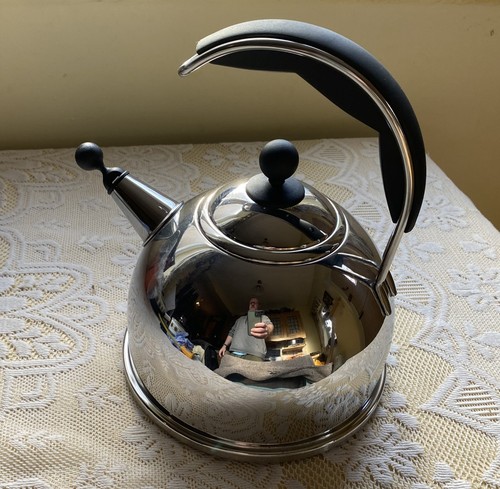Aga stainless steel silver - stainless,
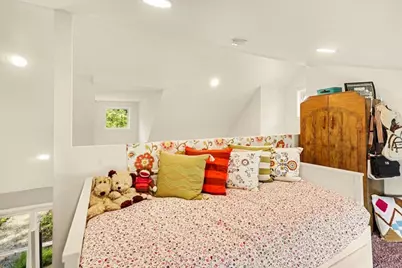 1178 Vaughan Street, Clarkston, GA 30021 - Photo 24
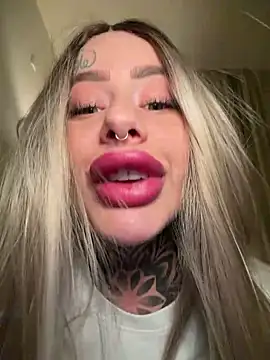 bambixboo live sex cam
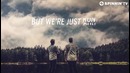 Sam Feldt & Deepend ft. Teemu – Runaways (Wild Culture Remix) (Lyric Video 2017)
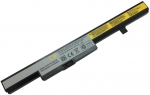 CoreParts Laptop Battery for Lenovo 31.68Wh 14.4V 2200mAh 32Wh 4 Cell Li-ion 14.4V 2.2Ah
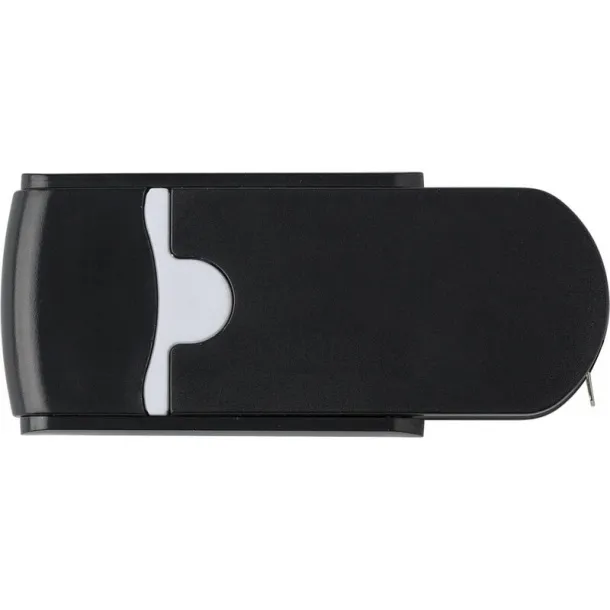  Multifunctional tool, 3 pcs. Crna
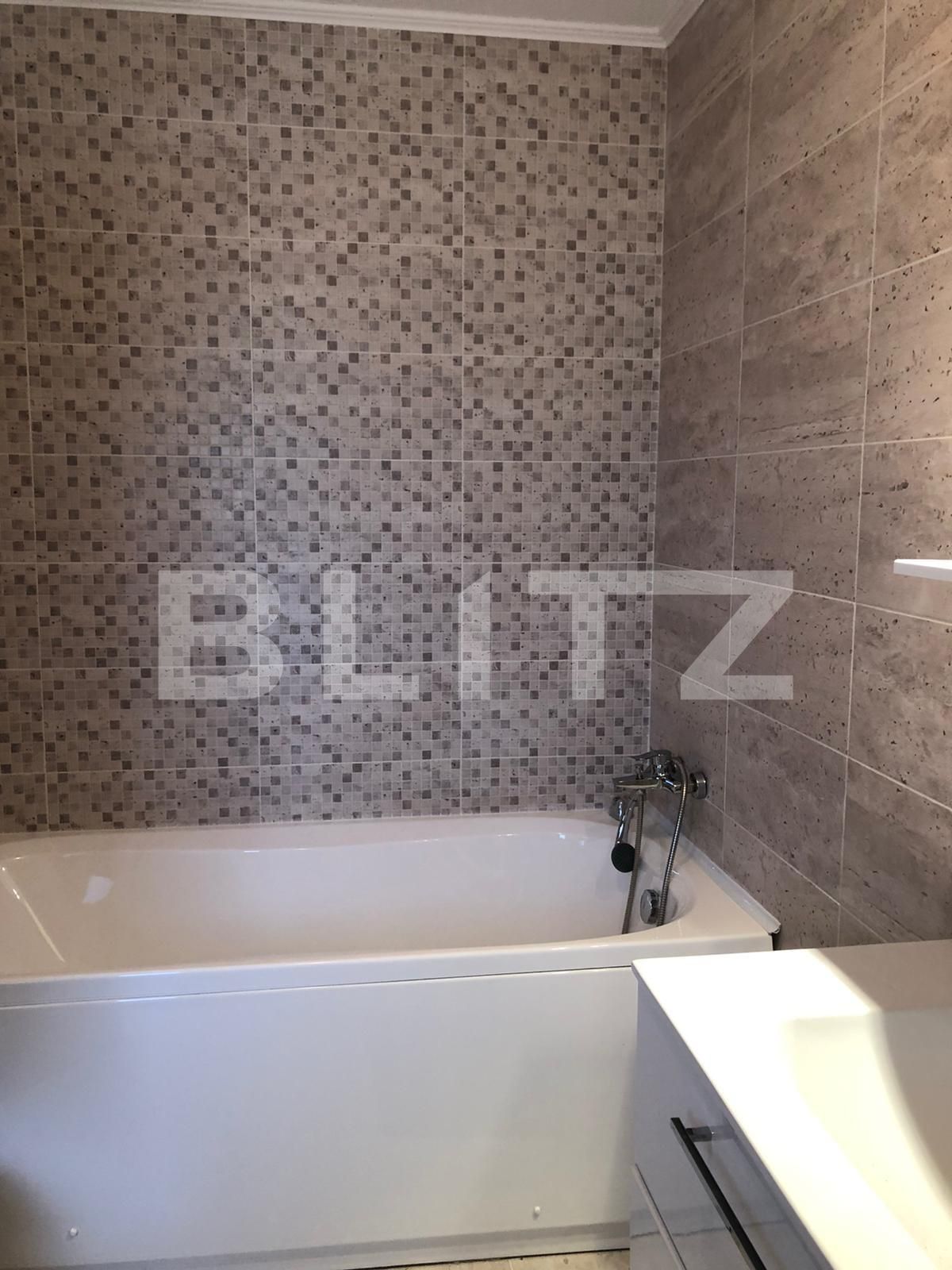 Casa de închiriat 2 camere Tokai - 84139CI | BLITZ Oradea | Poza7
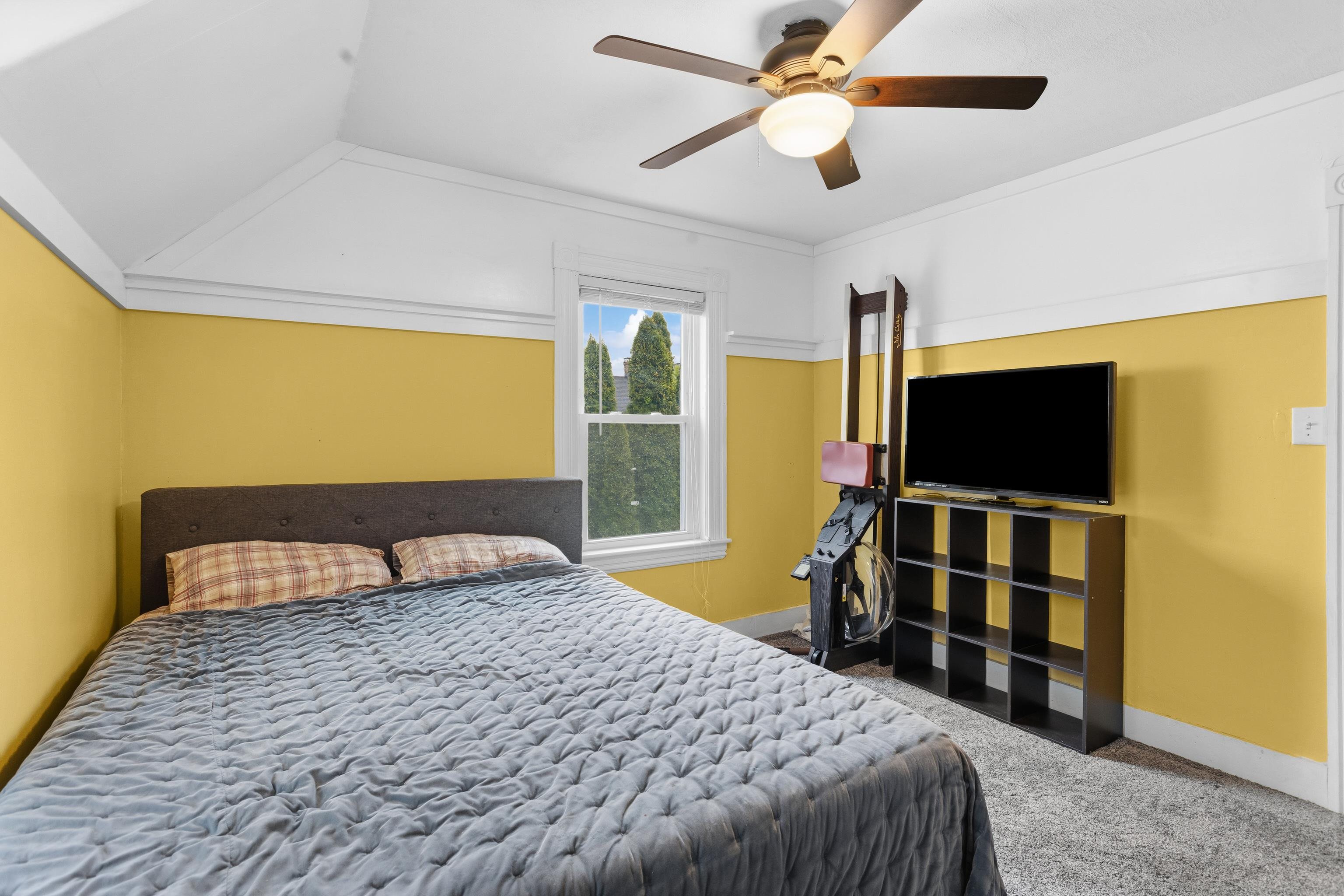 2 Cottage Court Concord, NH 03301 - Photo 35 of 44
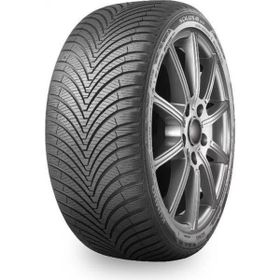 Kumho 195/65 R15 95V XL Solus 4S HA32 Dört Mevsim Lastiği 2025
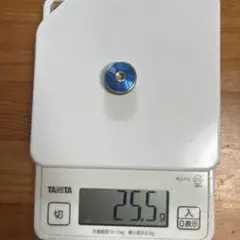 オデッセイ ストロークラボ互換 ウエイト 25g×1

+ + + + + + +

#### Activity:
Set down, word for word, only the lines running from the line with "1178 Vaughan Street, Clarkston, GA" through the final line of the entries above, omitting all pictures.

#### Result below:
 1178 Vaughan Street, Clarkston, GA 30021 - Photo 24
 bambixboo live sex cam
 Sam Feldt & Deepend ft. Teemu – Runaways (Wild Culture Remix) (Lyric Video 2017)
 CoreParts Laptop Battery for Lenovo 31.68Wh 14.4V 2200mAh 32Wh 4 Cell Li-ion 14.4V 2.2Ah
  Multifunctional tool, 3 pcs. Crna
 Casa de închiriat 2 camere Tokai - 84139CI | BLITZ Oradea | Poza7
 2 Cottage Court Concord, NH 03301 - Photo 35 of 44
 Kumho 195/65 R15 95V XL Solus 4S HA32 Dört Mevsim Lastiği 2025
 オデッセイ ストロークラボ互換 ウエイト 25g×1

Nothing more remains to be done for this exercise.